What Can Be Done? How Women Can Amplify Their Philanthropic Giving and Impact Investing Efforts?
This knowledge gap is a prime opportunity for financial advisors to engage with women clients on a topic that is important to them. It’s one of the many reasons why Sallie Krawcheck launched Ellevest. “We founded Ellevest, in part, because the existing investing and money industries haven’t worked well for a lot of people,” she said in early 2020. “The industry was built mostly by men, and—perhaps not surprisingly—has done a better job for men.
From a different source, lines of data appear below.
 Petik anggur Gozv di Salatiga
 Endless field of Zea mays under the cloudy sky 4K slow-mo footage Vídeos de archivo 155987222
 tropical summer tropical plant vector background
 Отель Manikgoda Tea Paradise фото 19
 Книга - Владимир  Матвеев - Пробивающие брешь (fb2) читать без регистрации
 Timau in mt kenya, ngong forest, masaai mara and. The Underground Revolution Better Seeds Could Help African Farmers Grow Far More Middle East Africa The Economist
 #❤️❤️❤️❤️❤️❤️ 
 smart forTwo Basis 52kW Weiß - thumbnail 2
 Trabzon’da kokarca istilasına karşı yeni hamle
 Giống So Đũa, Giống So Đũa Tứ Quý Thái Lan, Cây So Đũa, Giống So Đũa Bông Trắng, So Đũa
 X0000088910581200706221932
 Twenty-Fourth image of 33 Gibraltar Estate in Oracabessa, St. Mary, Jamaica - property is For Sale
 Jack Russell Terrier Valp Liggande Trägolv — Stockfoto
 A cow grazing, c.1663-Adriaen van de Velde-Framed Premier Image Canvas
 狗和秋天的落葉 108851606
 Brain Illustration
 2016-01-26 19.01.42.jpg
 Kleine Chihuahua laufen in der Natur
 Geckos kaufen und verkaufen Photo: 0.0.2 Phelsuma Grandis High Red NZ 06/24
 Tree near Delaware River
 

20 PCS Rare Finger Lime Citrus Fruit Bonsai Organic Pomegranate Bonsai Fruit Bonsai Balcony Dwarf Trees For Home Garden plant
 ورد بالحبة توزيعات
For the rest of us—whether it was because of the swarm of jargon, or lack of diversity (86% of financial advisors and 90% of mutual fund managers are men), or the high investment account minimums (which are inherently exclusionary)—many people have felt excluded.”
Likewise, this is exactly why we launched Lebec Consulting. With sustainability, innovation, and systems change at the center of our strategy, we’re a team of women who advise corporations, foundations, high-net-worth individuals, financial institutions, and entrepreneurs on how to achieve their greatest social impact through catalytic philanthropy and impact investments. THIS MEANS WOMEN. We strive to provide these key stakeholders with the best possible roadmap to achieve impact in ways that will truly reverse the tides of global inequality. And we approach everything we do with an equity lens. With a broad mix of experiences, and trainings related to diversity, equity, and inclusion, we ensure equity is always at the center of our approach and integrated into the solutions we bring to the table to our clients.
In a nutshell: We want to see women have access to wealth, knowledge, technology, and upper-management roles that can allow them to reshape our collective future. And the best way we know how to do that is to provide women with knowledge and the financial resources and tools they need—because they’re certainly not getting enough of them elsewhere.